▶ Task instructions:
An exact transcription of the listing, without its images, is what the answer must contain.

▶ Given material:
%%
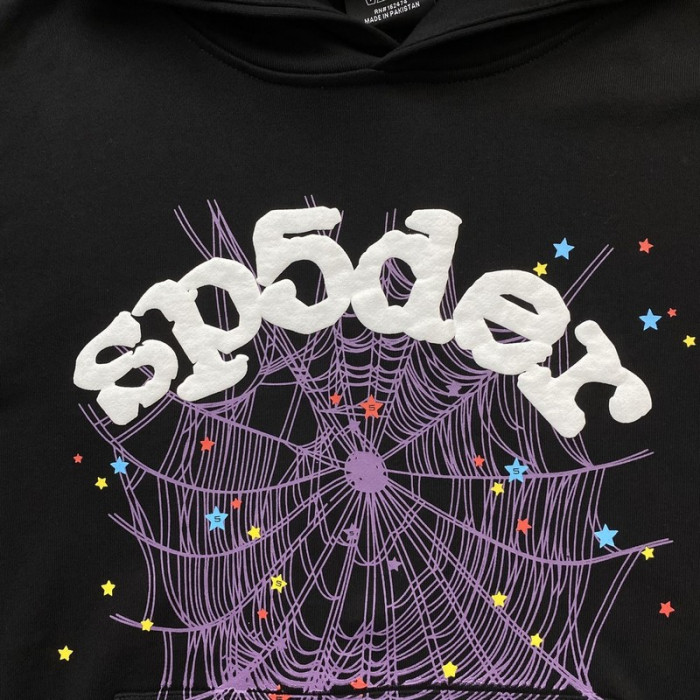Spider Hoodies51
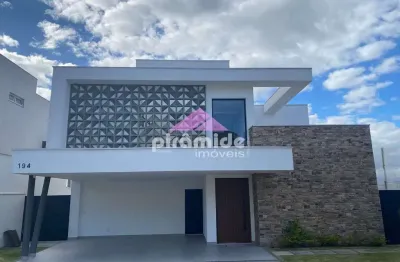Casa para venda e locação, condomínio residencial alphaville i, são josé dos campos, sp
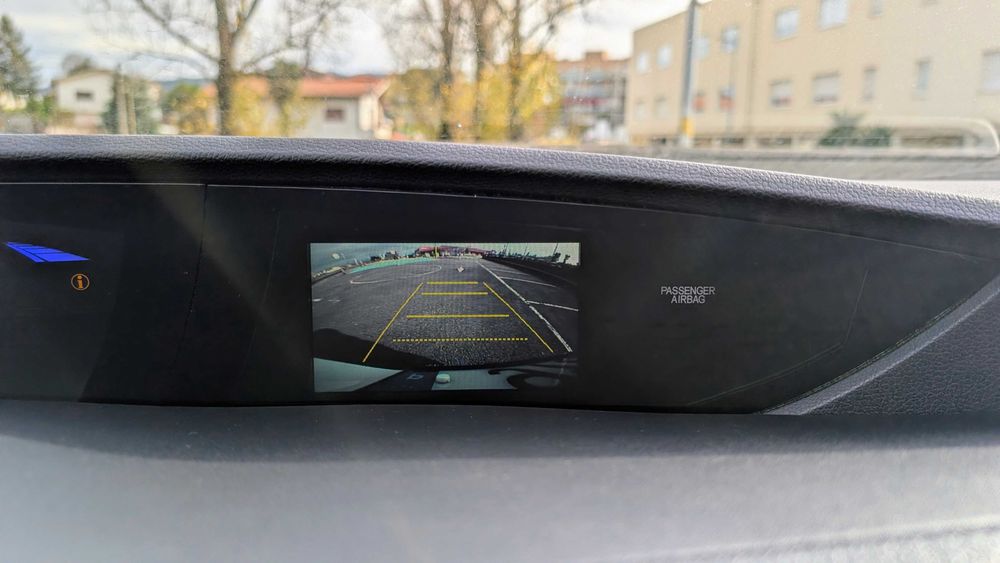 Honda Civic 1.6 I-DTEC Sport - Oportunidade!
%%
▶ Answer box:
Spider Hoodies51
Casa para venda e locação, condomínio residencial alphaville i, são josé dos campos, sp
 Honda Civic 1.6 I-DTEC Sport - Oportunidade!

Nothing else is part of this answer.